WP:IAR/WP:COMMONSENSE is the last refuge of the scoundrel. Wikipedia has rules, and without them, this would be Urban Dictionary and a lightly regarded Internet joke, instead of the grandest and most useful encyclopedia in the history of the world. Those rules have been painfully hammered out through two decades of oft-contentious consensus. There will be tinkering as long as Wikipedia lasts. Defying those rules should only be done for the most important of reasons, and they sure as hell shouldn't be defied because (for example) an AfD about a local police official who otherwise fails to meet the GNG is the hill one has suddenly decided to die on. Those "rules" are only hauled out as trump cards in the hope of defying common sense, defying the rules, defying consensus. They're a declaration of "Since I'm right, everyone else is wrong." They're the last refuge of those who know in their guts that they don't have any other arguments to proffer -- else why not use stronger ones?
Finally, I care about research.

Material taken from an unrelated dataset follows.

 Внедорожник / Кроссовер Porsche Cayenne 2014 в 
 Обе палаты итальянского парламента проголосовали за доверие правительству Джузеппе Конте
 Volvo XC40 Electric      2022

This is an encyclopedia, and not only do we have an obligation to know about what we're talking, we have no right to vote or make edits in willful ignorance -- if you insist on being ignorant, go hang out in a blog instead. It drives me nuts to see AfDs filed on articles where the nom could -- and should -- have taken five minutes to follow up a few Google hits and realized the genuine notability of the subject. It drives me just as nuts to see "seems notable," "seems non-notable," "looks good" and their ilk as reasons to support or reject deletion. Translation = you don't really have a clue. You're really just guessing off of a five second glance at the article, swallowing any presumption whole and racking up a quick meaningless edit on AfD. News flash; no one will give a damn five years from now about your edit count. (Come to that, it's unlikely that anyone but you gives a damn about it now.) We are supposed to be building an encyclopedia here, not playing some geeky MMORPG and competing for Game High Score.

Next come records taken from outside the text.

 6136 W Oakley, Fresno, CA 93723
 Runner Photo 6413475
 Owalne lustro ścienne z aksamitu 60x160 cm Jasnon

♮ - The earliest iteration of this Pet Peeves list was back in 2006. Does it show?
Ravenswing's First Law: "The vehemence with which a group believes that their impact on the world is worthy of memorializing is in inverse proportion to the sum of its size and genuine notoriety."
Corollary: "The degree of vehemence with which an editor bellows about the notability of a subject is in inverse proportion to the degree for which significant coverage actually exists."
Ravenswing's Second Law: "Trotting out the "I'm being persecuted by those corrupt bastards for TELLING THE TRUTH!" card in any dispute is prima facie evidence that the editor who flashes it deserves what's coming."
Ravenswing's Third Law: "The vehemence (and repetitiveness) with which an editor states that those who oppose his actions/edits/POV can only have sinister motives for doing so is in inverse proportion to the editor's conformity to (a) relevant Wikipedia policies or guidelines; and/or (b) his articlespace edit count."
Ravenswing's Fourth Law: "The appearance in any argument on ANI, AN or other dispute boards of the phrase that someone did something for No! Good! Reason! is not only a sound predictor of a meritless charge, but of the likelihood that the speaker hasn't mentally advanced much beyond elementary school."
Ravenswing's Fifth Law: "The nature of a consensus-driven encyclopedia is that sometimes you're going to be on the wrong side of consensus, in which case the only thing to do is lose gracefully and move on. Those who do not tend to wind up at ANI."